**About this task:**
Where the line containing "Harley Davidson Military Decals" appears in the entries below, start there and print only that line and every line after it, exactly, through the end, excluding pictures.

**Short web captions:**
━━━━━━
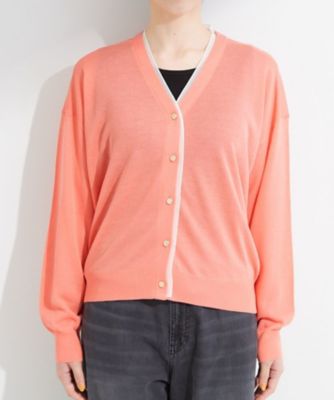 洗濯機可／S－LL】配色シフォン襟でサマ見え 上品シアー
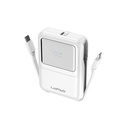 Lapas LP-PW002 Dijital LED Göstergeli Type-C & Lightning Kablosuz Taşınabilir Powerbank 10.000mAh - 1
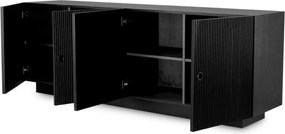 Comoda design LUX, Furnir de stejar gri carbune, Dimitrios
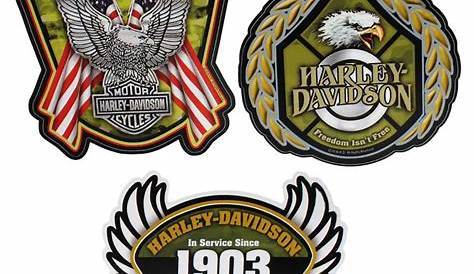 Harley Davidson Military Decals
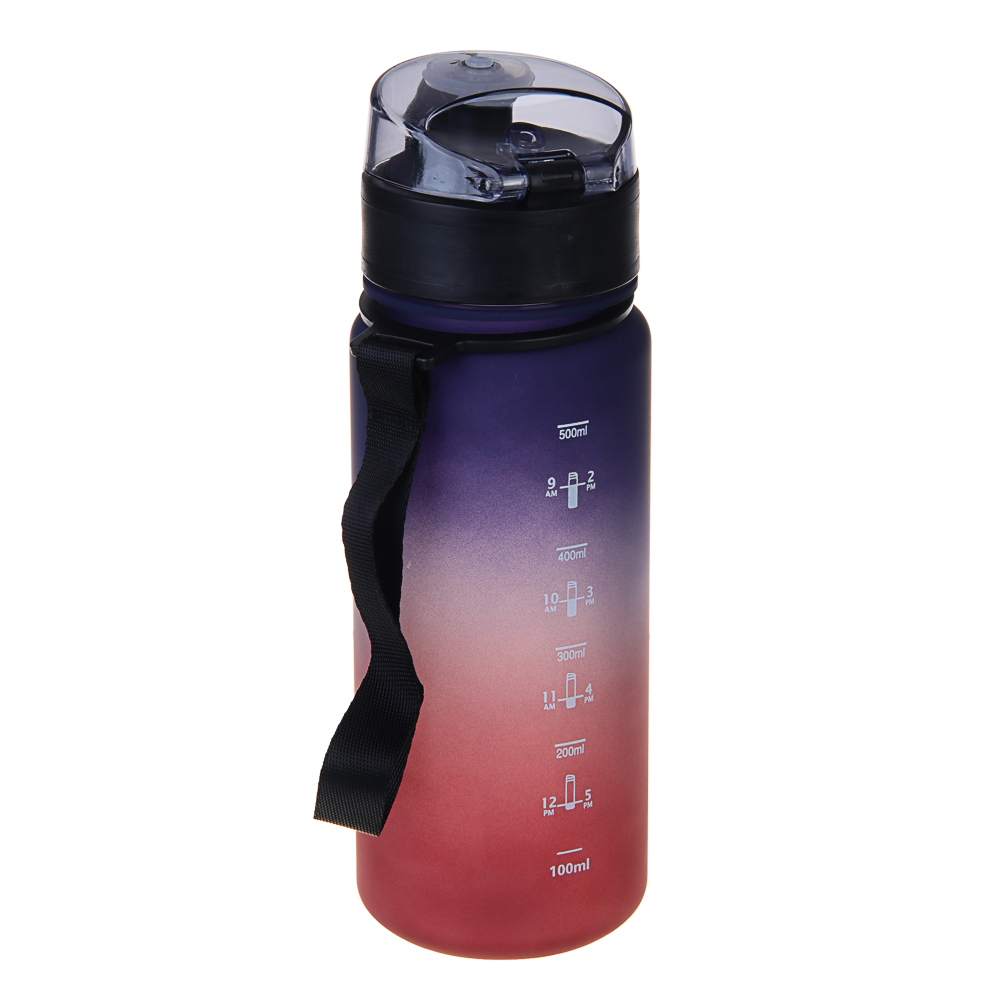 SILAPRO MAX Бутылка спортивная с замком, бордовая, 500мл, РС, РР, арт.№ 088-053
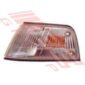 Honda Civic Ef Sdn 1988 - 89 Corner Lamp - Lefthand - Clear W/Amb Inner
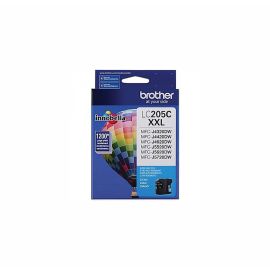 LC205C - Brother Super High-Yield 1200 Pages Cyan Ink Cartridge for MFC-J4320DW MFC-J4420DW and MFC-J5720DW
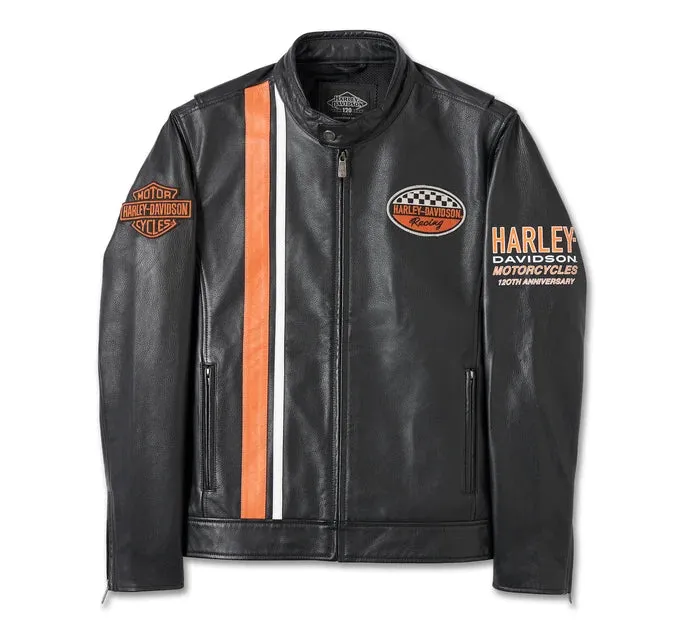 HARLEY DAVIDSON Giacca in pelle 120° Anniversario da uomo REF.97051-23VM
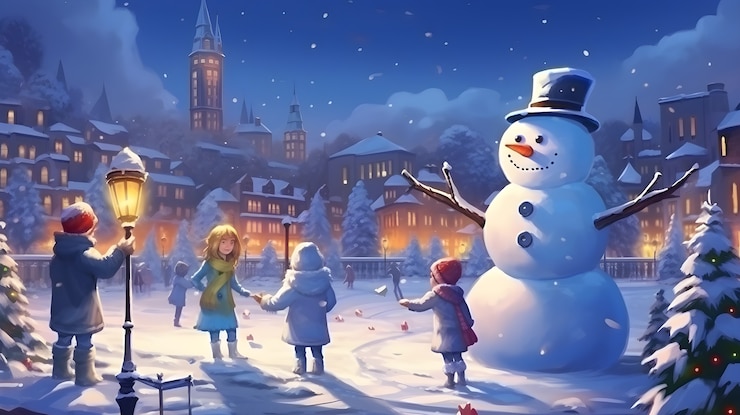 Free Photo digital art style christmas scene with traditional concept
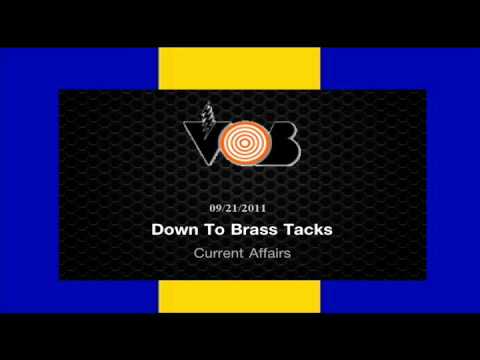 Down To Brass Tacks - Bajans real funny (excerpt 09-21-11)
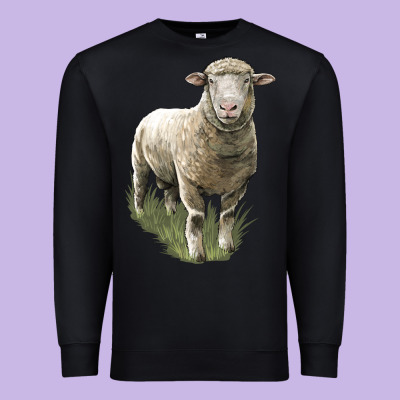 Dorset Sheep Premium Sweatshirt Designed By Lillyallendesigns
━━━━━━
**Written answer:**
 Harley Davidson Military Decals
 SILAPRO MAX Бутылка спортивная с замком, бордовая, 500мл, РС, РР, арт.№ 088-053
 Honda Civic Ef Sdn 1988 - 89 Corner Lamp - Lefthand - Clear W/Amb Inner
 LC205C - Brother Super High-Yield 1200 Pages Cyan Ink Cartridge for MFC-J4320DW MFC-J4420DW and MFC-J5720DW
 HARLEY DAVIDSON Giacca in pelle 120° Anniversario da uomo REF.97051-23VM
 Free Photo digital art style christmas scene with traditional concept
 Down To Brass Tacks - Bajans real funny (excerpt 09-21-11)
 Dorset Sheep Premium Sweatshirt Designed By Lillyallendesigns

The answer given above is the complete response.